Corrupt database after harddisk outage - manual intervention needed

kochjoe
Padawan

Hi there,

we are using Exasol community edition 6.0.8 and now after a harddisk failure of the underlying virtualization platform we are not able to start the database again. When opening the monitoring module we see:

2020-11-11 15:45:55.377158ErrorEXAoneController(0.0): Emergency shutdown: Process 1 requested emergency shutdown. Reason: A volume has been locked. Shut down system now.
2020-11-11 15:45:55.376518ErrorEXAonepddserver(1.0): Database corrupt: Manual intervention is needed.A volume has been locked. Shut down system now.

 

Question:

Are there any means within the web console that we can accomplish this manual intervention?

Is there a way to connect with the maintenance user to see what the services and the filesystem is behaving?

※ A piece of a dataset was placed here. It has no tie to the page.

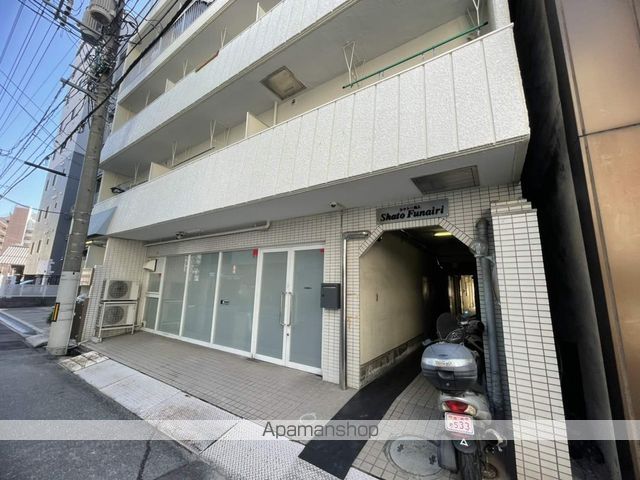 シャトー舟入の玄関写真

An external backup is available, but without a running database we seem not able to do a restore.

 

Any help is appreciated

 

5 REPLIES 5

Charlie
Xpert

Hi,

the external backup you are talking about is an Exasol Backup or a VM Backup?
If you have got a exasol backup:

* To restore the database add a new data volume in the EXAStorage view.

Charlie_1-1605168113010.png

Be sure to add your account to the allowed users. Otherwise you will not be able  to select the volume in the next step

* In the EXASolution edit your failed database and select the newly created data volume

Charlie_2-1605168402134.png

* Save the changes and select select backups:

Charlie_3-1605168440411.png

* Select your database backup and click restore

Charlie_4-1605168757535.png

 

This will take some time and will restore the backup into the new data volume.
The old - possibly corrupt data volume - is still available and may be used to further investigate the issue.

 

If you haven't got a Exasol database backup 

Can you post a screenshot of the EXAStorage View in EXAOperation?

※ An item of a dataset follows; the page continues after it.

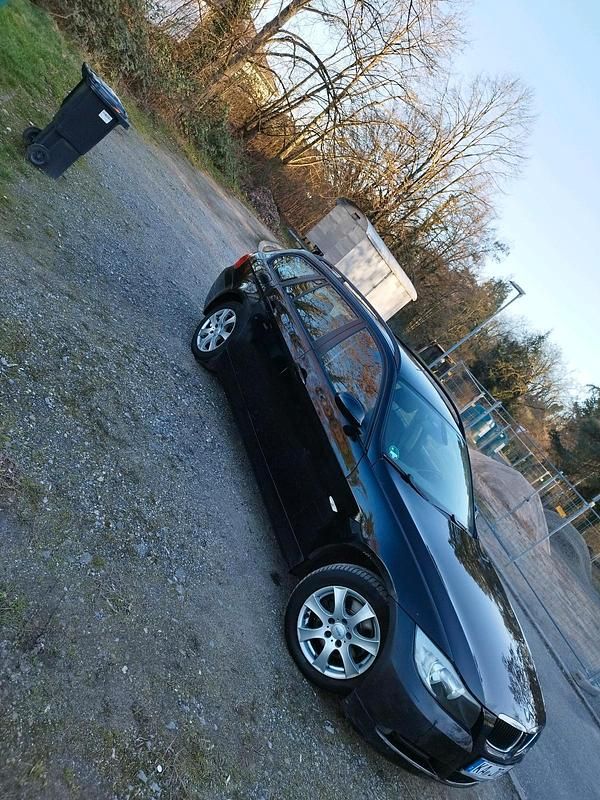 Gebraucht BMW 318 143 PS (105 kW) 2008 Schwarz Kombi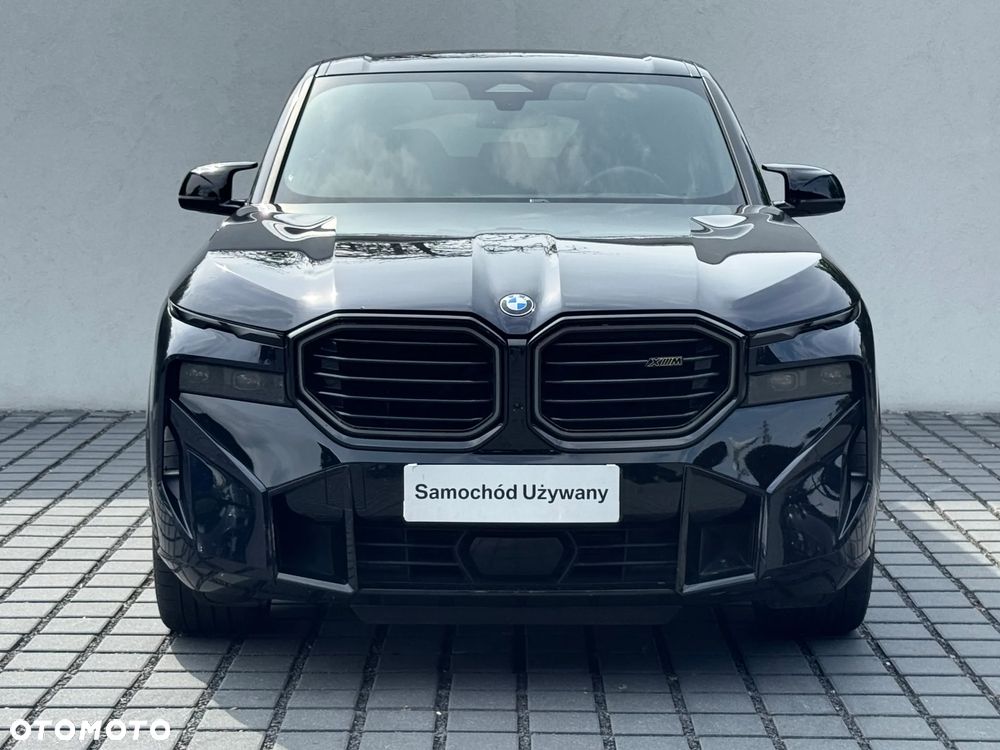 BMW XM - 7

If you click the data volume and open the detail view. What's the status of the volume?

 

 

 

 

kochjoe
Padawan

Hi Charlie,

thanks for your answer and the detailed information. The problem is that the local storage is currently not availble as all volumes are locked and waiting for HDD recovery.

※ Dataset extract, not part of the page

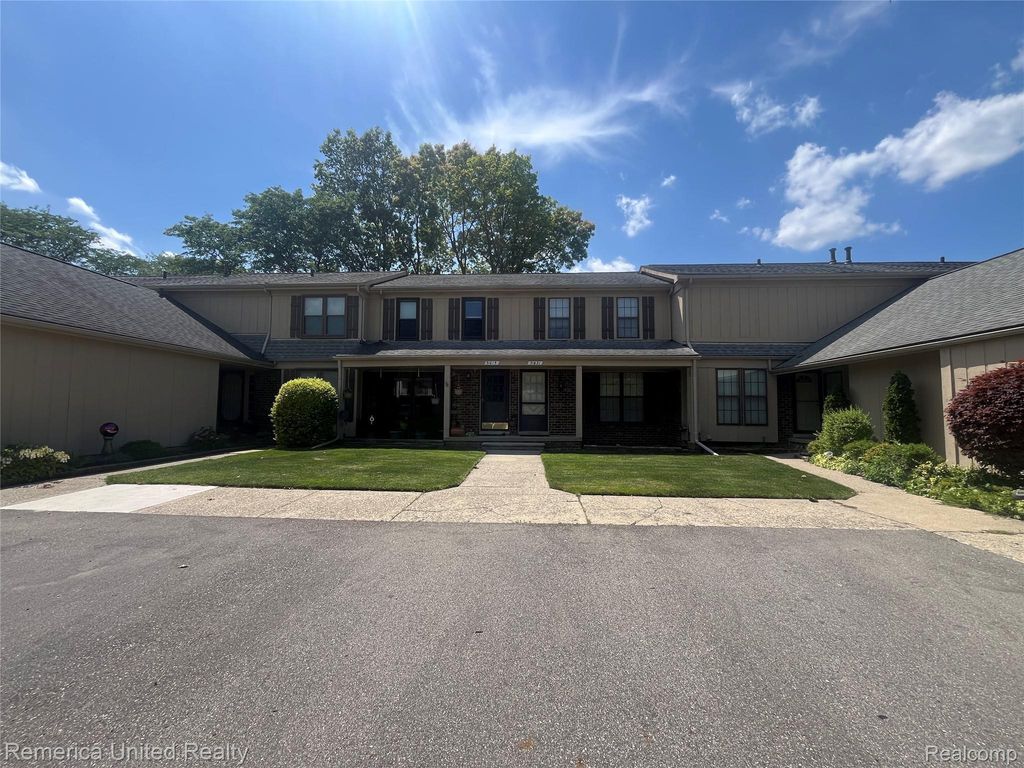 31621 Green Meadow Lane, Warren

kochjoe_0-1605203348933.png

I could follow your idea and create a new backup volume, but then I don't know how to transfer the external stored backup to that volume.

Thanks, Jörg

kochjoe
Padawan

I tried to to do do a filesystem check and rebooted the node and now see this in the logs - cannot see the filesystem check beeing processed:

Log.png

Anything I can do from here?

Thx

Charlie
Xpert

Hi,

you can upload the backup files into the new archive volume either bei using ftp or curl

 

curl --ftp-ssl --insecure --user admin:<password> --upload-file <downloaded backup file> ftp://<ip>:2021/<volume-name>/<downloaded backp file>

 

Example:

 

curl --ftp-ssl --insecure --user admin:admin --upload-file metadata_202011120856 ftp://10.1.112.11:2021/v0027/EXASolo/id_1/level_0/node_0/metadata_202011120856 	

 


However I was wondering why the node status is waiting for HDD recovery.

 

As the VM is online I suspect that you were able to recover your VM environment after the outage?

 

Regards

 

 

exa-ThomasM
Moderator
Moderator

Hi Jörg, Hi Charly,

In this situation, it is saying "LOCKED (waiting for HDD recovery)". This means that the HDD has been taken offline for some reason.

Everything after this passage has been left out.